Nvidia Grace Supports AI Acceleration
To tackle the largest AI models, Nvidia has designed a processor to feed its powerful new Hopper GPU. Grace has twice the memory bandwidth of any x86 processor and can hold GPT-3 in DRAM.
Sometimes 80 billion parameters just isn’t enough. To tackle the largest AI models, Nvidia has designed a processor whose primary task is to feed data to its powerful new Hopper GPU. Hopper comes with 80GB of fast memory, enough to hold thousands of copies of ResNet-50, for example. But the biggest commercial models for language processing and recommendations simply won’t fit. Programmers must divide these enormous models among several GPUs, causing bottlenecks and other inefficiencies.
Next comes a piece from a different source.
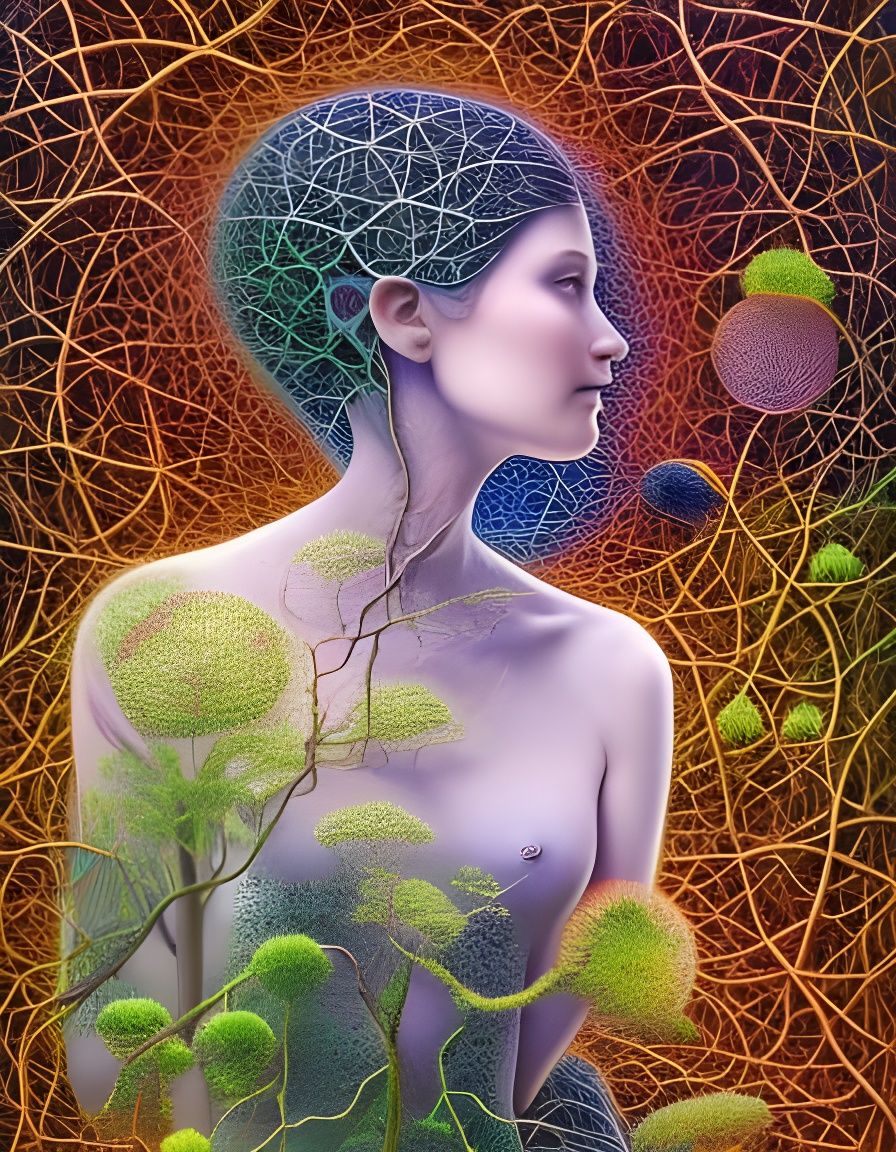 Brain Network in Warped Perspective: Digital Art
The new Grace processor aims to solve this problem. It can store up to 500 billion parameters in its capacious DRAM—enough to hold GPT-3, one of the largest models in use. Its 32-channel memory system delivers twice the bandwidth of any x86 server processor, and the chip connects directly to the GPU through high bandwidth NVLink, forming what Nvidia calls the Grace Hopper superchip (named for the computer pioneer and Navy admiral). The memory-coherent link enables programmers to easily share data between the two chips.
Built in TSMC 4nm, the processor also contains 72 Arm CPUs that manage the data transfers in addition to running an OS and other host-processor functions. Along with the Grace-Hopper module, the company is developing a module that holds two Grace chips, which could operate as server host processors. It expects to deliver production processors in 2Q23.
Grace is Nvidia’s first data-center CPU, complementing the data-center GPUs it has been shipping for years as well as data-center networking chips from the 2020 Mellanox acquisition. Nvidia also offers embedded processors such as Xavier and Orin for automotive and other applications.
The company previously worked with IBM to integrate NVLink interfaces in the Power8 and Power9 chips. By designing its own processor, Nvidia ensures it meets the needs of AI customers while minimizing cost and power.